I just tried the -fprofile-generate/-fprofile-use feature of gcc, and I must say that I was more than surprised at the benefit. We switched to some different server software on our resolvers because BIND couldn't handle the load. That in itself was a big improvement. Following the authors suggestion, I tried out that feature of the gcc compiler, and wow.
When I say wow, let me define that. With BIND the server was on its knees, begging for death and causing massive backups on all our email servers. With the switch to pdns-resolver, that went down to 30-50% cpu usage. With the recompile, it hangs out around 8-30%. The server is barely breaking a sweat now.

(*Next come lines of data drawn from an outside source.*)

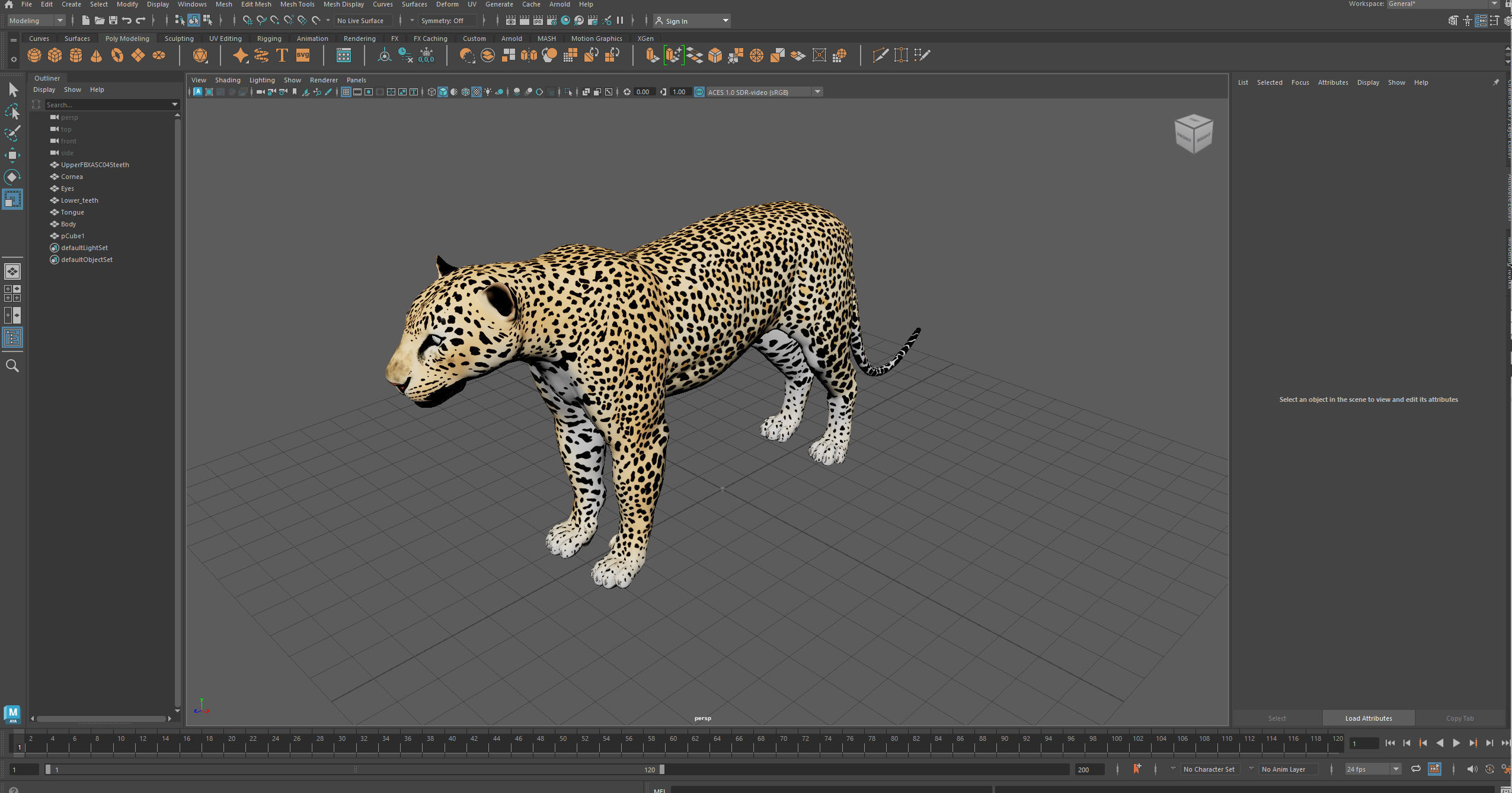 Leopard Low-poly 3D model_14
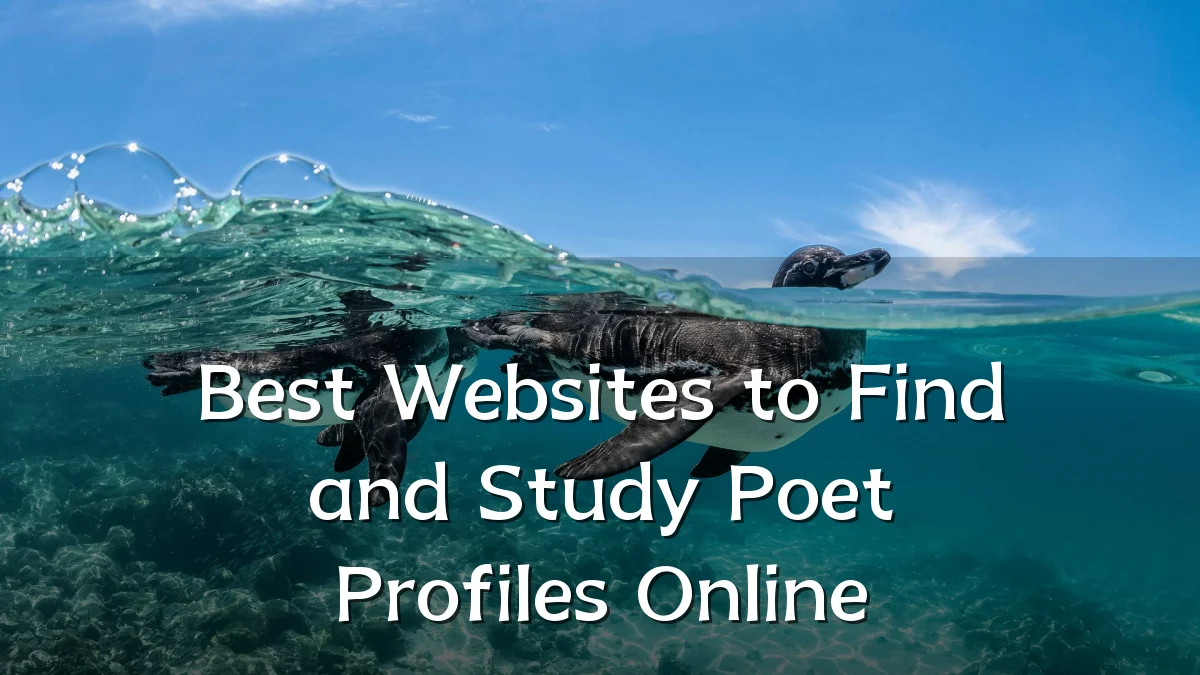 Best Websites to Find and Study Poet Profiles Online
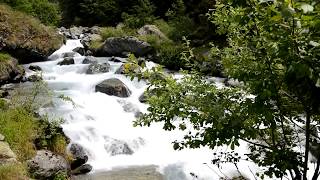 BELLE RIVIÈRE EN FORÊT pour se Détendre Étudier ou Dormir Paisiblement – Puissant Déstressant [upl. by Nyleuqcaj855]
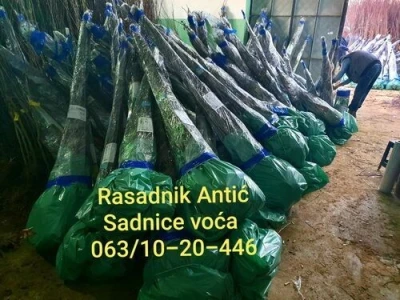 Sadnice sljive 24 sorti u ponudi - Sertifikovano!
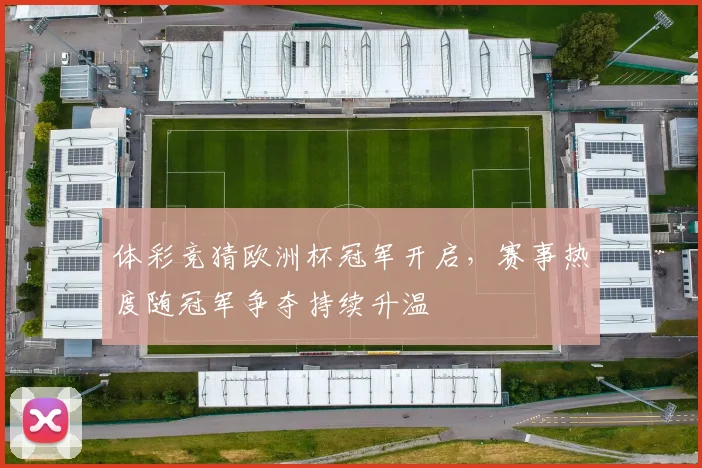 体彩竞猜欧洲杯冠军开启,赛事热度随冠军争夺持续升温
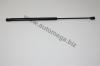 AUTOMEGA 30102320189 Gas Spring, boot-/cargo area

I had to cross compile on a computer that had gcc, and move it to the server. If you need to try something similar, just be aware that when the program dies, the profiling information will land in the exact same path as where you compiled the program. I had assumed they would land in the current working directory. There appears to have been a -fprofile-dir option at one time, but it doesn't seem to exist anymore. No big deal, it just creates all the needed directories if they don't exist (which they didn't in my case). It might be something to think about if you have a similar directory hierarchy on the other server, and don't want to lose the files in a mess of other stuff or overwrite things.
When you compile the binary this way and run it, it gathers data and dumps it in files when the program stops.
All the files have gcda and gcno extensions. They have profiling information which gcc uses later to know where it should spend its time optimizing and where it shouldn't bother. Like I said, this appears to work really well.